Dark at the Crossing: A Novel
- Author: Elliot Ackerman
- Language: English
- Genre: Historical fiction
- Publisher: Knopf
- Publication date: January 24, 2017
- Publication place: United States
- Pages: 256
- ISBN: 978-1101947371

= Dark at the Crossing =

Book by Elliot Ackerman

Dark at the Crossing: A Novel was written by Elliot Ackerman. It is his second novel and was a finalist in the National Book Awards 2017 for Fiction.

== Overview ==
Released in 2017, Dark at the Crossing is set mainly in the city of Gaziantep, also known as Antep, in Turkey. The plot follows Haris Abadi, an Arab-American ex-soldier. He served as an interpreter with the U.S. military and now wants to enter Syria to fight with the Syrian Free Army against President Bashar al-Assad's regime.
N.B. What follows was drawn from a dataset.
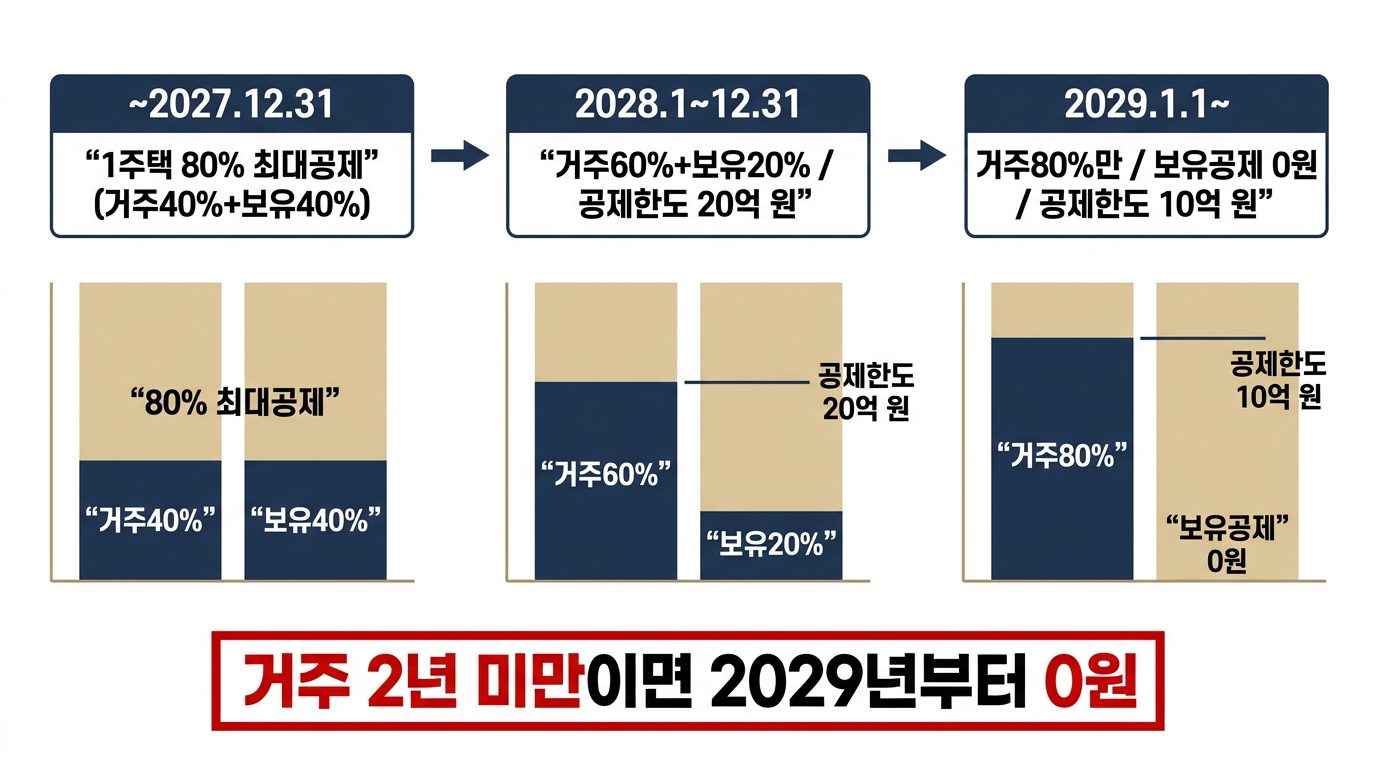 장기보유특별공제 개정 2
His first attempt to cross from Turkey into Syria is rebuffed, and he is then robbed of his American passport and other possessions. He eventually joins two Syrian refugees: Amir, an exiled revolutionary, and Daphne, Amir's wife, who wants to re-enter Syria and discover if their daughter is still alive. As he spends time with Amir and Daphne, Haris starts to ask himself if he's committed to a free Syria or if he's searching to understand himself.

== Reception ==
The novel was described as "an exploration of loss, of second chances, and of why we choose to believe - a trenchantly observed novel of raw urgency and power." In a review in The New York Times, Lawrence Osborne wrote that Ackerman, "...created people who are not the equivalents of the locally exotic subjects in your average NPR story, and he has used them to populate a fascinating and topical novel." Jennifer Bort Yacovissi, in another review, shared, "This is a tightly packed, nuanced narrative in which virtually every character introduced plays a pivotal role. The story is told with economy and a sense of urgency…" The Kirkus Review said that "Ackerman humanizes a war fraught with tragedy and seemingly without resolution."